Brand partnerships have become key pillars in a DTC player’s brand building strategy and growth. When two non-competitive brands that share a similar audience come together, there is an opportunity to leverage brand equity and audience attention through a partnership or activation.
How brand partnerships work
As online acquisition costs rise, and tough competition makes it difficult for new entrants, we are seeing more and more partnerships forged by DTC companies. The efficacy of launching a DTC brand solely with online advertising is waning, making way for a new playbook defined by omni-channel activations, brand partnerships, and community building. A great brand partnership can build brand equity that can’t be purchased via an ad strategy. A shrewdly chosen partner can offer a natural audience overlap that can help to balance customer acquisition costs and increase retention.
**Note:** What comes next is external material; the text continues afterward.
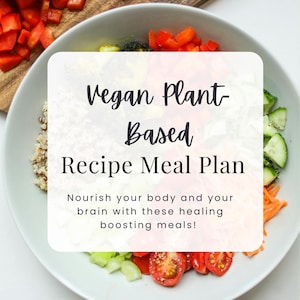 Könnte beinhalten: Eine weiße Schüssel gefüllt mit einer farbenfrohen veganen pflanzlichen Mahlzeit. Die Schüssel enthält Quinoa, Brokkoli, rote Paprika, Kirschtomaten, Gurken und Karotten. Der Text "Vegan Plant-Based Recipe Meal Plan" ist über das Bild gelegt. Der Text "Nourish your body and your brain with these healing boosting meals!" ist ebenfalls über das Bild gelegt. Der Text "NUTRAVIE ACADEMY" befindet sich am unteren Rand des Bildes.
A recent partnership between coffee brand Verve Coffee Roasters and drip brew maker Drip Kit is a good illustration of this. Whilst the two are not quite direct competitors, they speak to very similar audiences and used their combined expertise to create a ready to brew, single-serve pour over coffee product.
Being the larger vendor, Verve were able to position themselves at the forefront of coffee innovation working directly with a disruptive DTC brand and keep challenging their industry. For Drip Kit, the partnership represented an additional distribution channel. They were also able to leverage the national recognition and reputation of quality that Verve own, which then filters into the Drip Kit brand through association and shared audience.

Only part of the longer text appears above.